Assignment: Reproduce exactly, with no pictures, each line from the opening of the material down through the line containing "Arlington apartment complex".

Data for processing:
◆ ◆ ◆ ◆ ◆ ◆ ◆
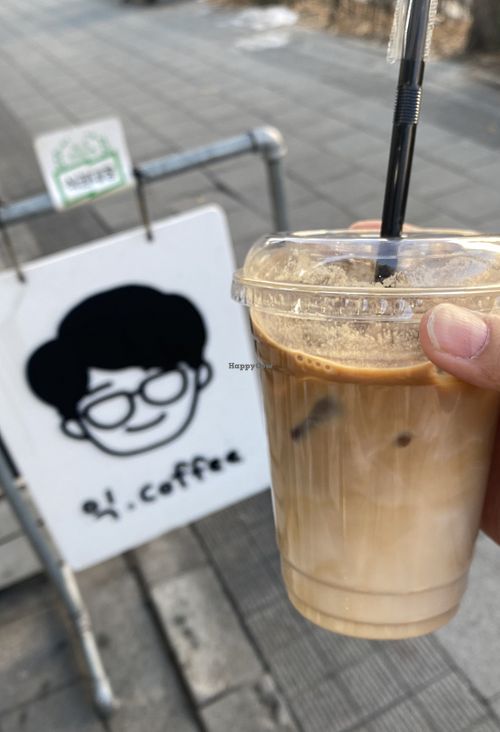 vanilla bean latte with oat milk  at ikcoffee - 익.커피 in Seoul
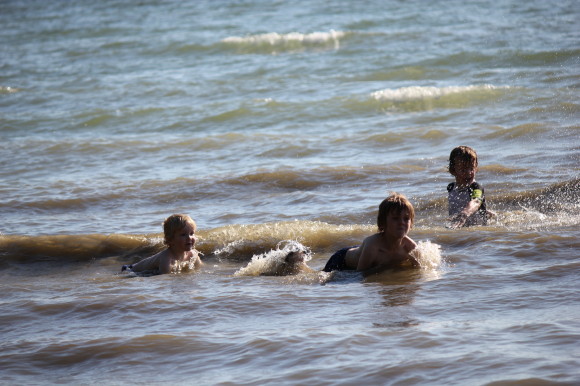 This is screams SUMMER to me! Come on already, the kids are ready for the beach :)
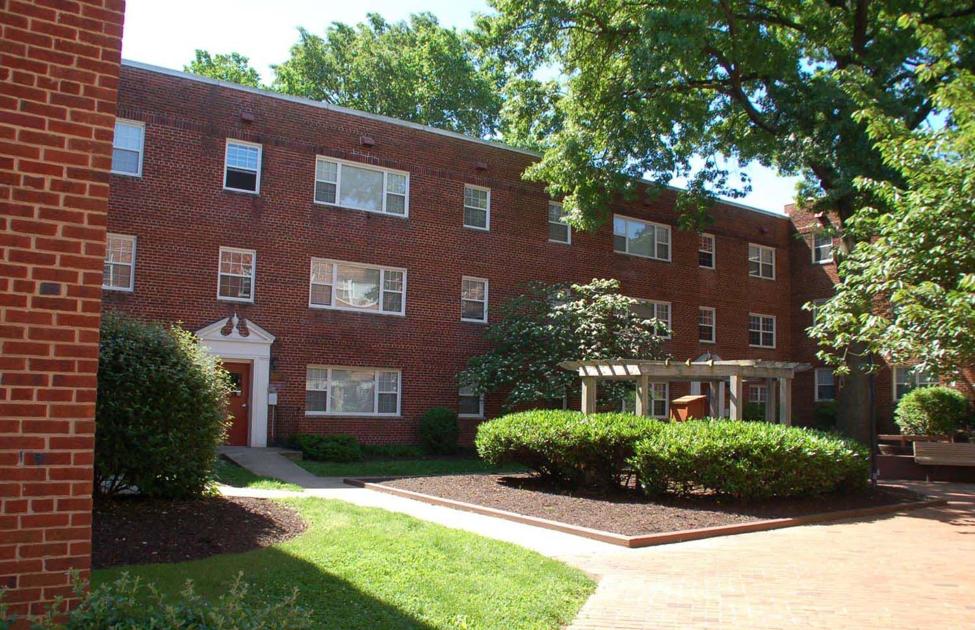 Arlington apartment complex wins place on Va. landmark list news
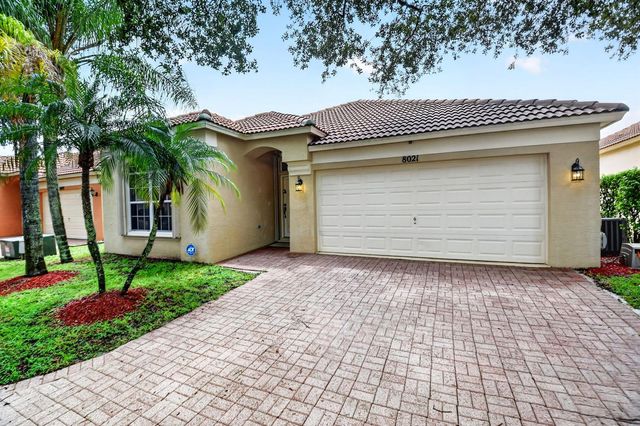 8021 Via Hacienda, Riviera Beach, FL 33418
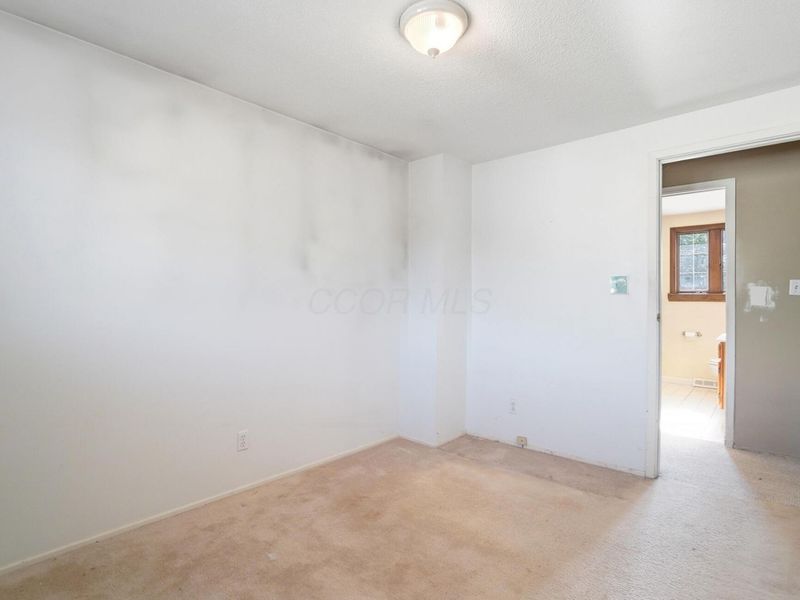 4943 Warminster Drive, Columbus, OH 43232 Photo 24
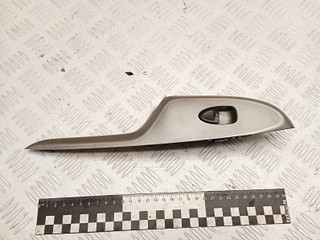 кнопка стеклоподъемника двери задней правой Honda Civic 8 поколение 2008, 2.2 л., N22A2, дизель, МКПП, хетчбэк 5 дв., правый руль, 83740SMGE020UHS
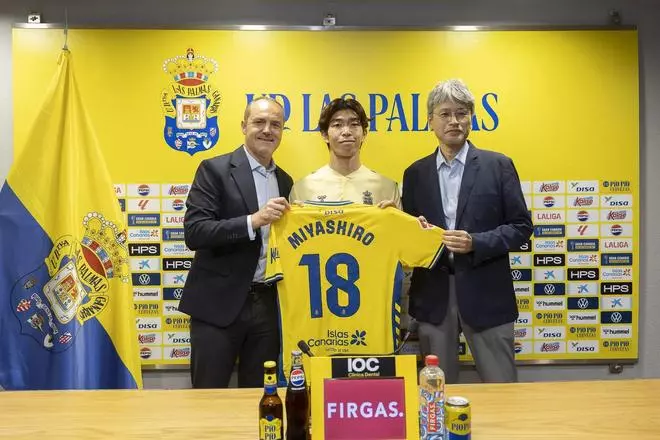 Las Palmas acelera en el mercado antes de recibir al Córdoba CF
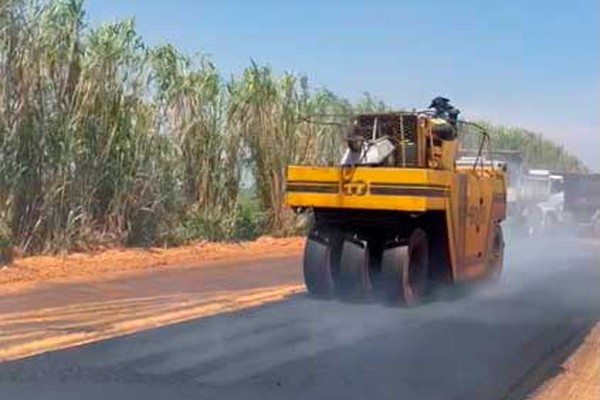 Prefeitura começa a asfaltar Estrada dos Vieiras; outros trechos também serão pavimentados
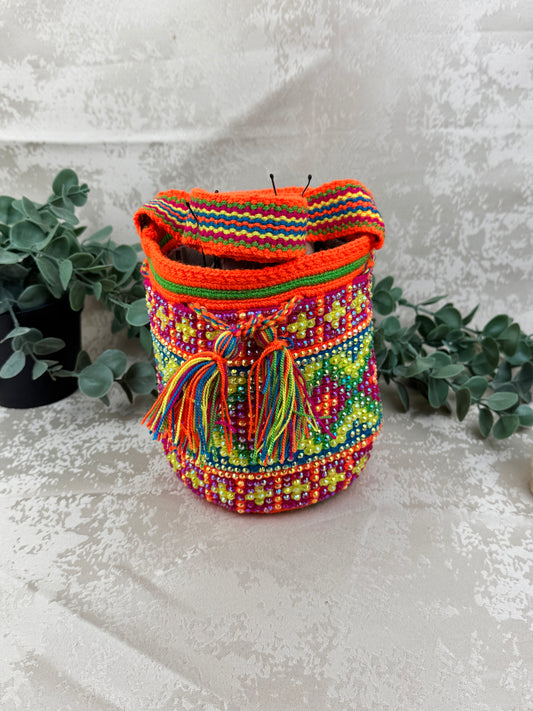 Vista frontal de mochila Wayuu Susuchón edición brillante 8 con piedras decorativas.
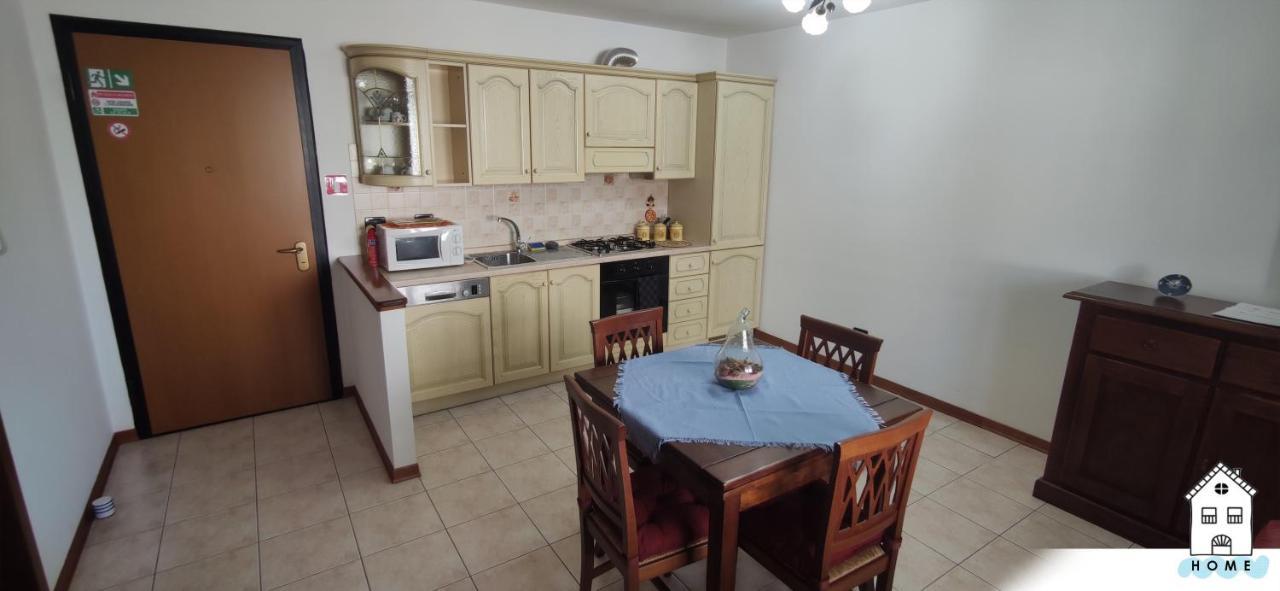 Appartamento In Centro Home Monfalcone Esterno foto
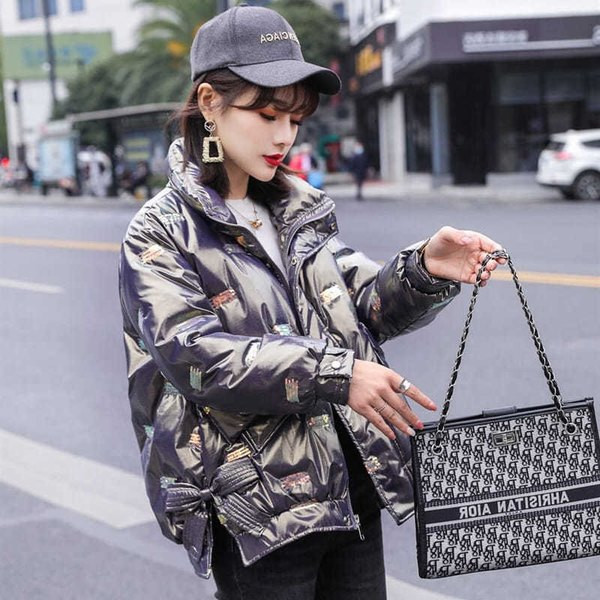 Női téli kabát négy színben cipzárral és zsebekkel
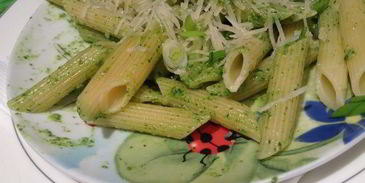 пенне с соусом песто из руколы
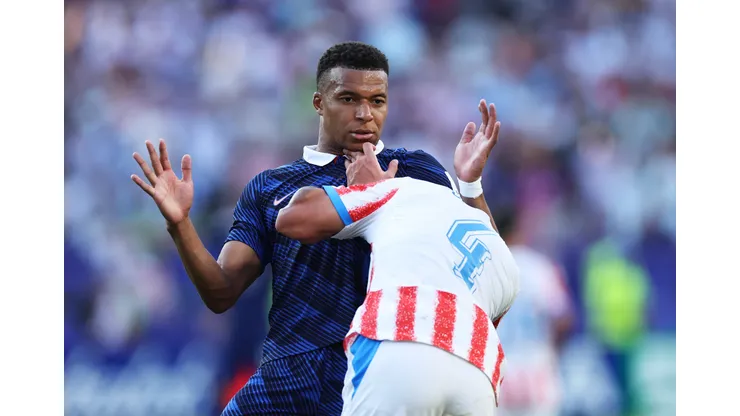 Kylian Mbappé contra Paraguay.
◆ ◆ ◆ ◆ ◆ ◆ ◆
Result of this exercise:
 vanilla bean latte with oat milk  at ikcoffee - 익.커피 in Seoul
 This is screams SUMMER to me! Come on already, the kids are ready for the beach :)
 Arlington apartment complex wins place on Va. landmark list news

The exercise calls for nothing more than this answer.